If the PREFETCH_EX flag was never passed, why did the branch predictor speculatively execute xdcbt? That branch would never be taken, so it ought not to be predicted.

Was it a static branch prediction hint? I know PowerPC has that. If so, could it have fixed by just flipping the hint bit?

userbinator 5 years ago
From the article:
Instead simple branch predictors typically squish together a bunch of address bits, maybe some branch history bits as well, and index into an array of two-bit entries. Thus, the branch predict result is affected by other, unrelated branches, leading to sometimes spurious predictions.
- ridiculous_fish 5 years ago
  
  Ahh thanks, shame on me for not reading to the end.
  
  1 reply →

mattst88 5 years ago

> And that was the problem – the branch predictor would sometimes cause xdcbt instructions to be speculatively executed and that was just as bad as really executing them. One of my coworkers (thanks Tracy!) suggested a clever test to verify this – replace every xdcbt in the game with a breakpoint. This achieved two things: > > 1. The breakpoints were not hit, thus proving that the game was not executing xdcbt instructions. > 2. The crashes went away.

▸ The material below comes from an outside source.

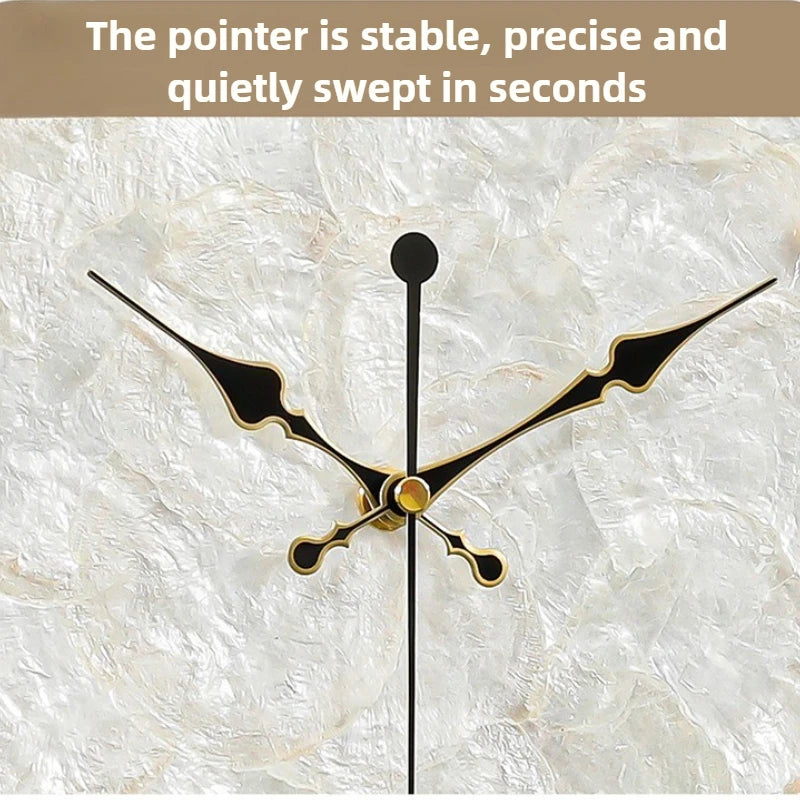 Oeny Natural Shell Nordic Wall Clock – Silent Quartz 40cm Decorative Wall Clock Babs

I love the simplicity and the genius behind this idea.

barbazoo 5 years ago

Would it be possible to tell the CPU not to apply branch prediction in this one case?

fulafel 5 years ago

There's a "branch hint" in PowerPC, I wonder if that's acted on by the Xenon CPU in question.
edit: it's discussed in the comments as well but they don't know either. The author responds: "I can’t remember how PowerPC branch hints work but if the branch hint overrode the branch predictor then it could have avoided the bug."
kmeisthax 5 years ago
No, because the branch predictor is just "on" or "off". You'd be wondering if you can make it not speculatively execute specific instructions. I'm going to infer from the article that there wasn't a way to do that and it was far too late to spin a new CPU revision to prohibit speculatively executed xdcbt.
- anarazel 5 years ago
  
  I assume one could have put a serializing instruction inside the "dangerous" path, which should then lead to the speculative execution path being rolled back before reaching the dangerous instruction. Obviously it'd also be expensive...
  
  3 replies →
netr0ute 5 years ago

You probably could have done the equivalent if it were IA-64, but I suspect you can't do this with plain old branch-prediction mechanisms.